Bacon earned his chance for re-election with a strong showing in Johnson County, where he earned 51 percent of the vote. McDonald was his closest competitor with 39 percent, and Oliphant finished with 9 percent.

Out of the 300 precincts in the 3rd District, 225 are in Johnson County. The area represents the southern part of Johnson County and Linn, Miami, Franklin and a part of Anderson County. According to the Kansas Secretary of State's office, the vote from the other counties made little difference in the overall outcome, with Bacon getting 49 percent, McDonald getting 40 percent and Dave Oliphant getting 10 percent.

Bacon has served on the board for eight years and is known as a conservative candidate who supported changes in the state science standards saying that evolution shouldn't be taught as dogma in science classrooms. He also said that requiring parents to opt in for sex education forces them to be more aware of the curriculum so they can teach moral values.

Bacon said that if elected, he plans to continue focusing on the performance of Kansas students.

"Part of that is trying to find better ways to improve student performance and increase progress of students across the state, not just asking taxpayers for more money," he said. "We on the Board of Education are happy Kansas continues to rank in the top 10 with the other states, but we're not satisfied with that. I want Kansas to be No. 1."

Bacon said that if re-elected in November, he would continue to serve his constituency in the same manner.

"I think that what we're going to try to continue to do is improve education in the state and use our current allocation of funds with reasonable increase," he said.

However, Bacon may find himself on a board interested in reversing some of the changes of the past two years.

Several moderate and Democrat candidates won their bid to run in the general election in November. In western Kansas, moderate Republican Sally Cauble beat conservative Republican Connie Morris for the 5th District seat with 54 percent of the votes. In the 9th District of southeast Kansas, Jana Shaver beat out Brad Patzer, son-in-law of conservative member Iris Van Meter who is retiring. Shaver received 58 percent of the vote and will face Democrat Kent Runyan.

Democrat Janet Waugh retained her 1st District seat in Wyandotte, Leavenworth, Jefferson and a part of Douglas County with 63 percent of the vote, beating conservative challenger Jesse Hall.

Conservative Ken Williard won his primary to represent south-central Kansas No. 7 with 54 percent. Willard will face Democrat Jack Wempe in the general election.

McDonald said he was encouraged by the primary election outcome across the state.

"It will be somebody other than Connie (Morris) and Iris (Van Meter), so I'm encouraged for the schoolchildren of Kansas," he said. "But I'm disappointed because more than just running against John Bacon, I was running because I've been an advocate of education and thought I had a lot of good insight and ideas."

Bacon's contenders said they were running because they disagreed with his principles. McDonald ran on a variety of issues, including his concern for the Kansas state science standards.

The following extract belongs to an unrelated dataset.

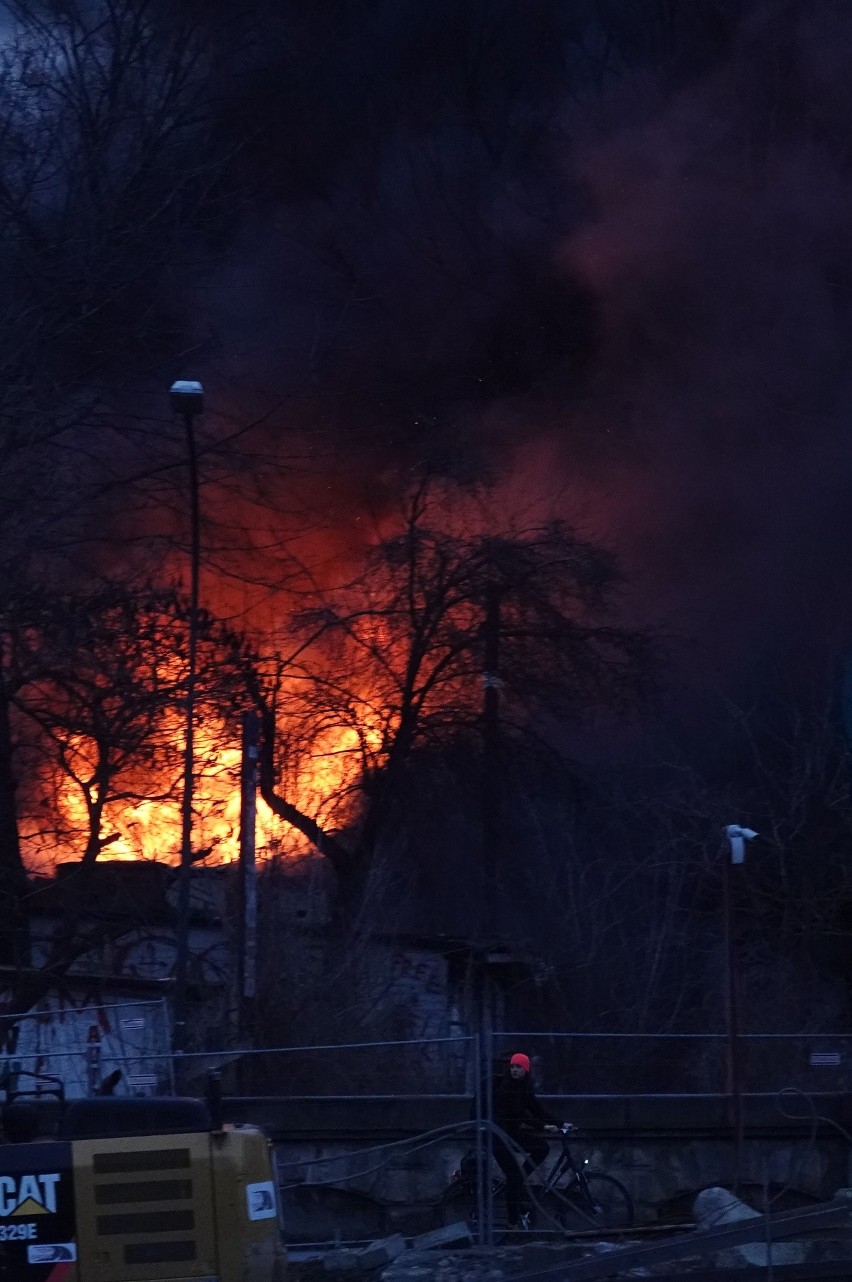 Pożar w rejonie ulicy Podgórskiej. W sąsiedztwie Galerii Krakowskiej unoszą się kłęby czarnego dymu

McDonald, Oliphant and Weiss all agree on many hot-button issues, including opposition to what they view as the state board's attempt to usurp local boards' authority, making sure science standards include evolution andaking sure students learn sex education unless they opt out.

The general election for state school board races is Nov. 7.

For information on candidate Don Weiss, visit For information on candidate John Bacon, visit

All results from Tuesday's primary are unofficial until canvassed by county commissioners later this week.